ALISO VIEJO, Calif., July 1, 2011 /PRNewswire/ — Avanir
Pharmaceuticals, Inc. (NASDAQ:
AVNR) today announced that the U.S. Food and Drug
Administration (FDA) website indicates that an Abbreviated New Drug
Application (ANDA) for a generic version of NUEDEXTA®
(dextromethorphan hydrobromide and quinidine sulfate) capsules was
submitted on March 7, 2011. The company received Paragraph IV
certification notices on June 30, 2011.
Avanir intends to vigorously enforce its intellectual property
rights relating to NUEDEXTA, which is protected by several patents
covering the method of use of the product and its formulation.

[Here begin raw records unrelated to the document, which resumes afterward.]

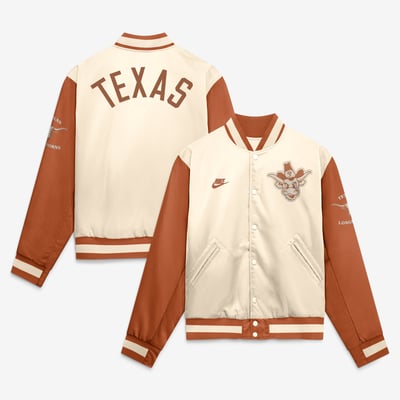  Texas Longhorns Nike Legacy Full-Snap Bomber Jacket - Natural/Texas Orange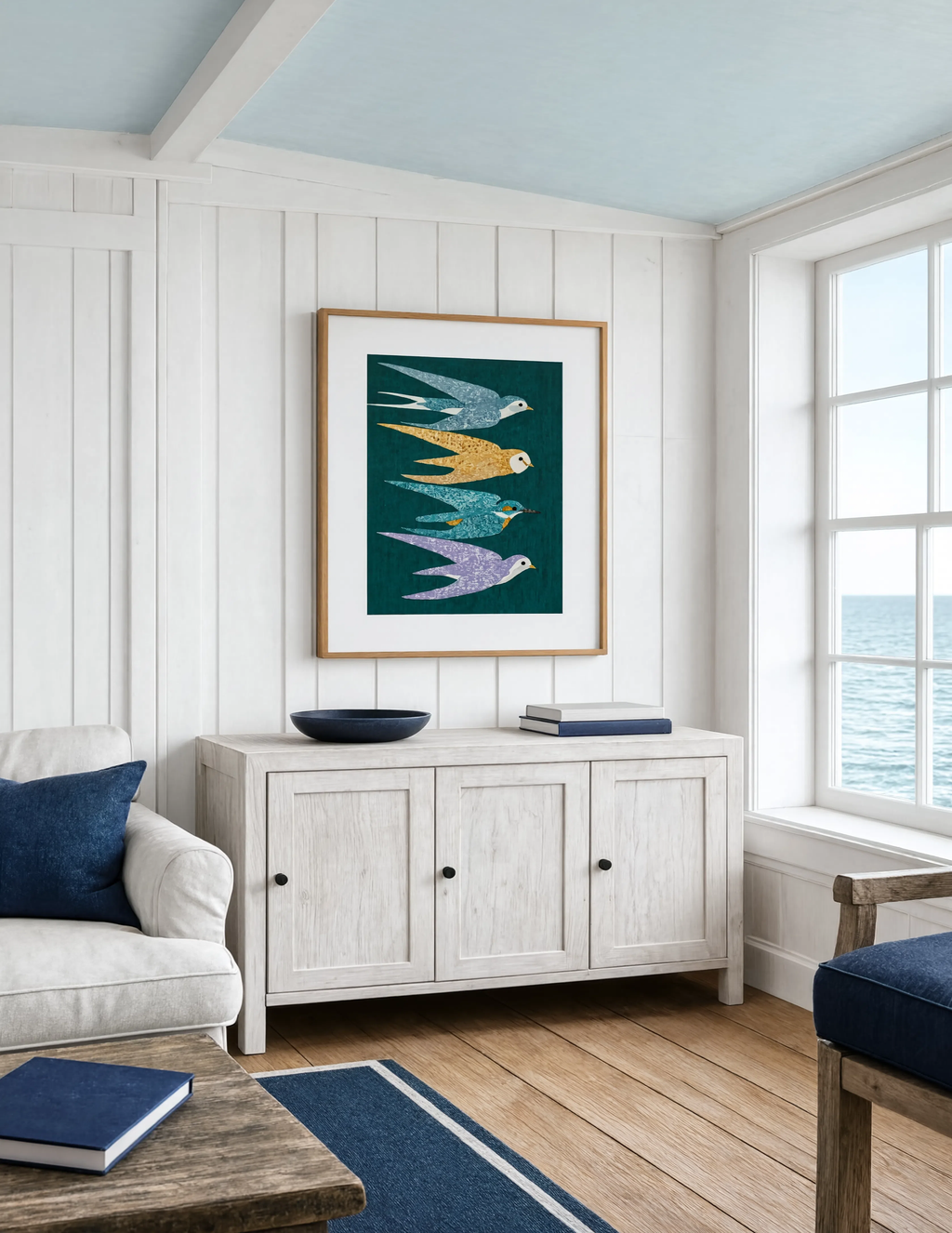 Folk-Art Birds Variation | Scandinavian Folk Botanical Wall Art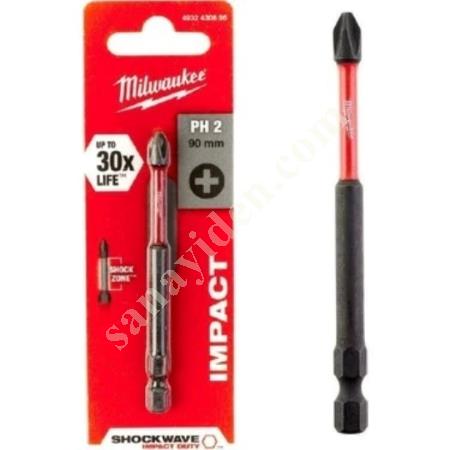 MILWAUKEE BITS PH2 90MM 1LI SHOCKWAVE, Hand Tools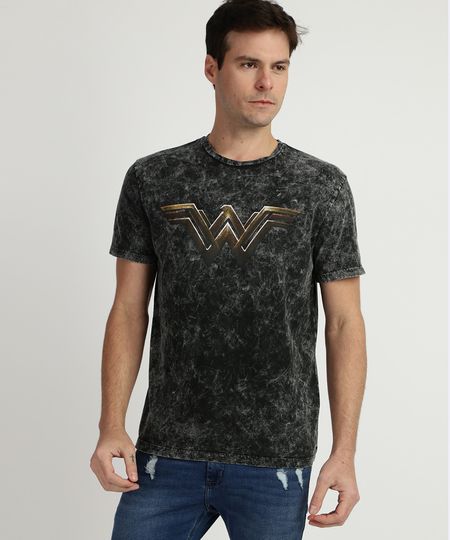 Camiseta-Masculina-Estampada-Marmorizada-Mulher-Maravilha-Manga-Curta-Gola-Careca-Chumbo-9944524-Chumbo_1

All
of the currently issued patents are listed in the FDA’s Approved
Drug Products with Therapeutic Equivalence Evaluations, commonly
known as the Orange Book. Under the FDA’s rules and regulations, if
Avanir initiates a
patent infringement suit to defend the patents identified in
any Paragraph IV notice it receives within 45 days after its
receipt of such notice, the FDA is prevented from approving the
ANDA until the earlier of: (1) 30 months; (2) the expiration of the
patents at issue; or (3) a decision in the infringement case that
all of such patents are not infringed or invalid.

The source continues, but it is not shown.